**Exercise objective**
Write out the stretch of lines below that begins at the line with "878 Fairways Dr, Qualicum Beach, BC V9K 2J1" and ends at the line with "Prague: Sightseeing Boat", including both, exactly as given and nothing more.

**The data**
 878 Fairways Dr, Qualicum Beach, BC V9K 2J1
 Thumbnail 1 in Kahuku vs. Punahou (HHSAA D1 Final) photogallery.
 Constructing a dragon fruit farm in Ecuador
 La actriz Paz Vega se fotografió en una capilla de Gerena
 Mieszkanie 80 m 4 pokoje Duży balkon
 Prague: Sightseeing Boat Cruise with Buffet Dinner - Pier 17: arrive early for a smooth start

...

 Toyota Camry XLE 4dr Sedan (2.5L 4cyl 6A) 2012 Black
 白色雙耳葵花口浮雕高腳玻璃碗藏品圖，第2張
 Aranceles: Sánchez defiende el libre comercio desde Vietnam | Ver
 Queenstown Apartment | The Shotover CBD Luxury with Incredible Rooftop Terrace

...

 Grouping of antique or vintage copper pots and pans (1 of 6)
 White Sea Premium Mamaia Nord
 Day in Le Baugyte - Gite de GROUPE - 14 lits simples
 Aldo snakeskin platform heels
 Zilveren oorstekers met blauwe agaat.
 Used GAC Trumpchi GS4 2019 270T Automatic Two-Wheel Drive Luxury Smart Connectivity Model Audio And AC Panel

**Exercise answer**
 878 Fairways Dr, Qualicum Beach, BC V9K 2J1
 Thumbnail 1 in Kahuku vs. Punahou (HHSAA D1 Final) photogallery.
 Constructing a dragon fruit farm in Ecuador
 La actriz Paz Vega se fotografió en una capilla de Gerena
 Mieszkanie 80 m 4 pokoje Duży balkon
 Prague: Sightseeing Boat Cruise with Buffet Dinner - Pier 17: arrive early for a smooth start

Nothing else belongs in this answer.